Les “mesures barrières” diminuent l’ampleur de la dissémination du virus : se laver souvent les mains, se couvrir le nez et la bouche en cas de toux ou d’éternuement, jeter les mouchoirs en papier dans une poubelle fermée. Nettoyer les objets utilisés (poignées de porte, clavier d’ordinateur…) à l’alcool à 90° ou à l’eau de Javel (dilution à 0,1 %). Le port d’un masque évite les projections du patient qui ne doit pas approcher les personnes à risque à moins d’un mètre. En période d’épidémie intense, voire de pandémie, il vaut mieux éviter les lieux très fréquentés : transports en commun, centres commerciaux, salles de spectacle…

(1) Ministère des Solidarités et de la Santé et Direction générale de la santé, “Calendrier des vaccinations et recommandations vaccinales” (bit.ly/2CVya4Q).

(2) Bulletin épidémiologique hebdomadaire 32-33,| 13 octobre 2015, “Impact de la vaccination contre la grippe saisonnière sur la mortalité des personnes âgées en France, de novembre 2000 à avril 2009” (bit.ly/2oLZxnR).

* HAS, “Extension des compétences des professionnels de santé en matière de vaccination, vaccination contre la grippe saisonnière”, juillet 2018 (bit.ly/2OgvShe)..

L’auteur déclare ne pas avoir de lien d’intérêts.

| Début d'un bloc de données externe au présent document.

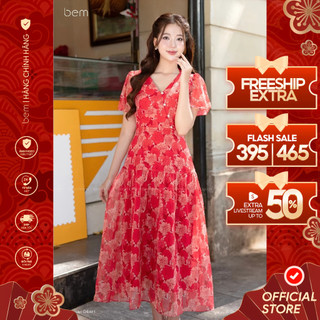 Đầm Hoa Nhí Đỏ Dáng Maxi Xòe Cổ V Bem Design (DR481)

La vaccination à l’officine

→ L’objectif des pouvoirs publics est d’augmenter la couverture vaccinale antigrippale pour atteindre idéalement 75 % de la population à risque (contre moins de 50 % actuellement). Les pharmaciens concernés sont ceux ayant suivi une formation, sur la base du volontariat, dans les régions Auvergne Rhône-Alpes et Nouvelle-Aquitaine sur la saison 2017-2018, auxquelles s’ajoutent Hauts-de-France et Occitanie pour la saison 2018-2019.

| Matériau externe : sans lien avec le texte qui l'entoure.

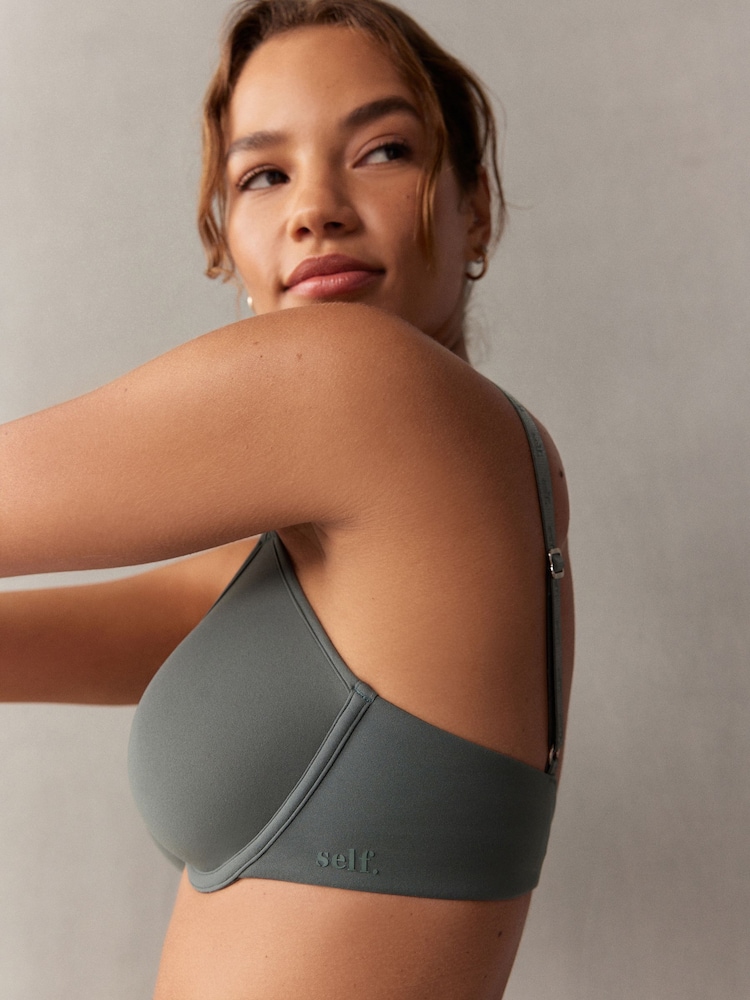 self. Khaki Pad Plunge Smoothing Scoop Bra - Image 3 of 11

→ En 2017-2018, les personnes éligibles à la vaccination étaient les adultes (18 ans et plus) ciblés par les recommandations vaccinales à l’exception des femmes enceintes et des primo-vaccinations. Les personnes immunodéprimées, celles ayant eu une réaction à une vaccination antérieure ou présentant des troubles de la coagulation ou sous traitement anticoagulant ne pouvaient être prises en charge à l’officine. Le rapport de la Haute Autorité de santé (HAS) précise que près de 160 000 vaccinations ont ainsi été réalisées en 2017-2018. La HAS* recommande que la vaccination antigrippale puisse à l’avenir être réalisée, sans prescription médicale préalable, par les sages-femmes, les infirmiers et les pharmaciens participant à l’expérimentation, chez toute personne de plus de 18 ans éligible aux recommandations vaccinales.

Info +

Il existe aussi un vaccin antigrippal par voie nasale : Fluenz Tetra, non remboursé et non disponible cette année en France, réservé aux 2-17 ans. C’est un vaccin vivant atténué tétravalent qui permet chez l’enfant une meilleure réponse immunitaire.